L'ultima modifica è del 23 febbraio 2012 alle ore 06:40.
Che la pratica delle produzioni a chilometro zero possa essere uno dei rimedi al crescente inquinamento di cui sono afflitte le nostre metropoli è cosa assodata. Così come è ormai acquisito che coniugare innovazione, design, architettura di qualità e ridotto impatto energetico è la ricetta qualificante di qualsivoglia intervento in edilizia e urbanistica.
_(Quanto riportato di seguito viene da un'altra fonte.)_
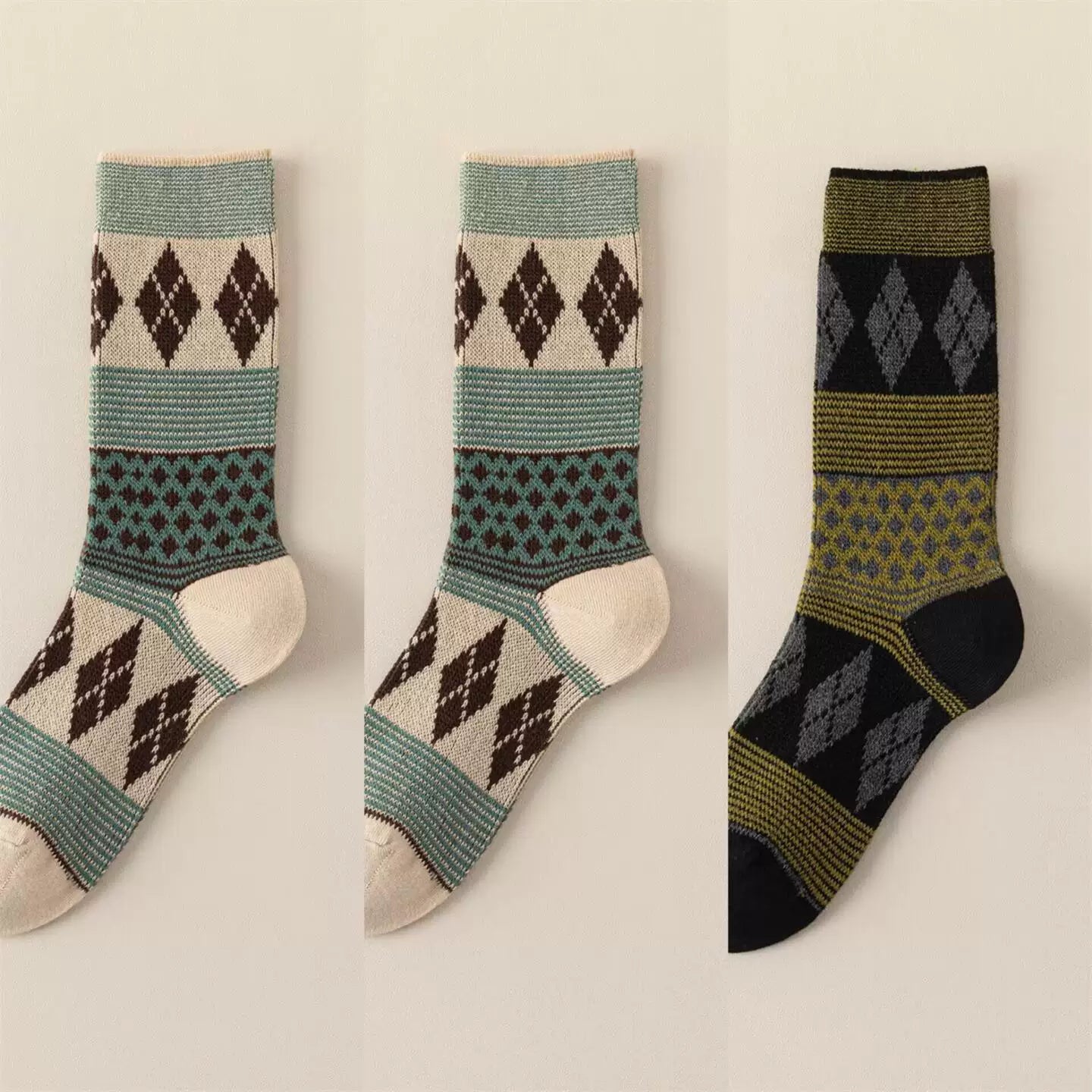 Findszx | Women’s Double-Knit Mid-Calf Cotton Socks with Soft Pile Texture for Spring & Autumn Wear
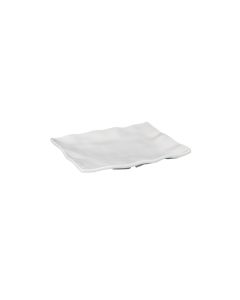 Wavy rectangular plate Kang - ivory melamine cm 36x27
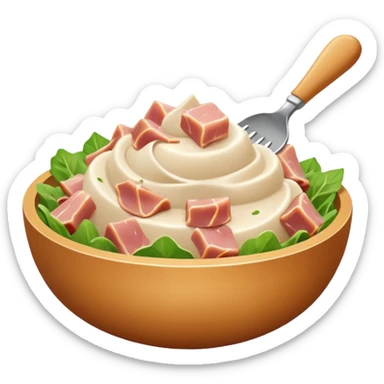 a scoop of ham salad, simple, clear sticker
Stabilire in un disciplinare di concorso internazionale di idee - quello nello specifico lanciato dall'Expo 2015 di Milano per le architetture di servizio dell'esposizione universale - che è titolo premiante in maniera prevalente la vicinanza entro 350 chilometri dalla sede dell'evento dei fornitori dei materiali necessari a realizzare le opere progettate appare però chiaramente come un'altra cosa: una sorta di protezionismo in salsa padana che va contro ogni regola sulla concorrenza. L'auspicio, nell'epoca del mercato globale e a un paio di mesi dal termine delle celebrazioni per i 150 anni dell'unità d'Italia, è che le legittime preoccupazioni ambientali non diventino una sorta di foglia di fico per giustificare, o peggio nascondere, procedure non corrette che vanno contro le regole comunitarie.